This perspective article demonstrates how each primary statistical fragility metric 
is calculated. Two case examples show how these various fragility metrics are applied. 
Finally, the clinical application and importance of the fragility metrics are discussed. 


2. Calculation of the Fragility Indices 


The fragility indices are all similar in that they look at the standard 2 x 2 contingency 
table, which compares a binary intervention with a binary outcome. A single sample of 
the population of interest is evaluated. This sample is divided into two groups based 
on whether or not they receive the investigational treatment or serve as a control group. 
The outcome is typically divided into variants of a good outcome versus a neutral or 
bad outcome. 


2.1. Case Study #1: Small Sample Size 


A research study was conducted on 30 cancer patients to evaluate the effectiveness 
of allopurinol in preventing mucositis.
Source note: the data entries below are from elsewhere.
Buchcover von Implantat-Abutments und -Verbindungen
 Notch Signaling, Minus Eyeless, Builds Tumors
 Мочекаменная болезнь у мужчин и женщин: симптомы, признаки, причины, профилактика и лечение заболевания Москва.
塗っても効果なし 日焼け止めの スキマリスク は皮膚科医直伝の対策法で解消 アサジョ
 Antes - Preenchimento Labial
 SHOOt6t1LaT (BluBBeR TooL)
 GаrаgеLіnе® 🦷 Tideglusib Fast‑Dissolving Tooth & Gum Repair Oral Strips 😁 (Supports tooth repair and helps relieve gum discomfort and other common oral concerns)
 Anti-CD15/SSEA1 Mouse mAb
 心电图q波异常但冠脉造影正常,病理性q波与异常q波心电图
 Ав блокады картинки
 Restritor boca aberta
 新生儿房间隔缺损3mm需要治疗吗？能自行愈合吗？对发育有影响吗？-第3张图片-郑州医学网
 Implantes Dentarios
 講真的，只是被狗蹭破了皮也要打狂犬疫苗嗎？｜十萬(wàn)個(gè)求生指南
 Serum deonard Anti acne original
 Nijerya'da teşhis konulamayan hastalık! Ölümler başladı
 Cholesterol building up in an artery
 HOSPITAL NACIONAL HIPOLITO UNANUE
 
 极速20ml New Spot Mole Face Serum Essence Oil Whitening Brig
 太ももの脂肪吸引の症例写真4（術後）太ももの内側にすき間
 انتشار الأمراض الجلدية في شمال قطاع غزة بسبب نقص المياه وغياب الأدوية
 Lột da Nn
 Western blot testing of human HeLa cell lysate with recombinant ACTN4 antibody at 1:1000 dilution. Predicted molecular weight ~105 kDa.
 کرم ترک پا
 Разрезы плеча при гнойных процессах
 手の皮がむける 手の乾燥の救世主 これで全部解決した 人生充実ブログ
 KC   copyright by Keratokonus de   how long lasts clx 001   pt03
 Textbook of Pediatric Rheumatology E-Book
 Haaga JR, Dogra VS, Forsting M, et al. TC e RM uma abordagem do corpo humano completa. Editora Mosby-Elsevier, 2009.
This sample was evenly divided into two groups: 
those who received the intervention (allopurinol mouthwashes) and those who received 
a placebo. The good outcome was defined as no mucositis, and the bad outcome was 
the development of mucositis (either mild or moderate grade). In the allopurinol group, 
11 patients did not develop mucositis, and 4 did. In the placebo group, eight patients did 
not develop mucositis, and seven did [8]. 


2.1.1. Calculation of the Unit Fragility Index 


First, the 2 x 2 contingency table is set according to the study’s outcomes (Table 1). 


Table 1. Baseline outcomes for the case study. 


Treatment Groups No Mucositis Mucositis Total 

Allopurinol 11 4 15 

Placebo 8 7 15 

Total 19 11 30 
p = 0.4497. 


The p-value of the original outcomes is calculated using the Fisher exact test (p = 0.4497). 
Then, the data are incrementally manipulated until the statistical significance flips from 
nonsignificant to significant. In this case, cell a (the top left cell) is increased by one. The 
other cells are adjusted to maintain the marginal totals: cell b (top right) is decreased by 
one, cell c (bottom left) is decreased by one, and cell d (bottom right) is increased by one. 
In standard notation, this is written as a, b, c, d = (12, 3, 7, 8). The Fisher exact test is 
then performed on the manipulated data (p = 0.1281). Since the results remain statistically 
nonsignificant, the incremental manipulation of the data is repeated. Each cell in the table is 
now altered by 2, resulting in a table of (13, 2, 6, 9). The p-value is now 0.0209, flipping the 
results to statistical significance. Because it took two unit changes to flip the significance, 
the UFI = 2, as shown in Table 2. 


Table 2. Calculation of the Unit Fragility Index. 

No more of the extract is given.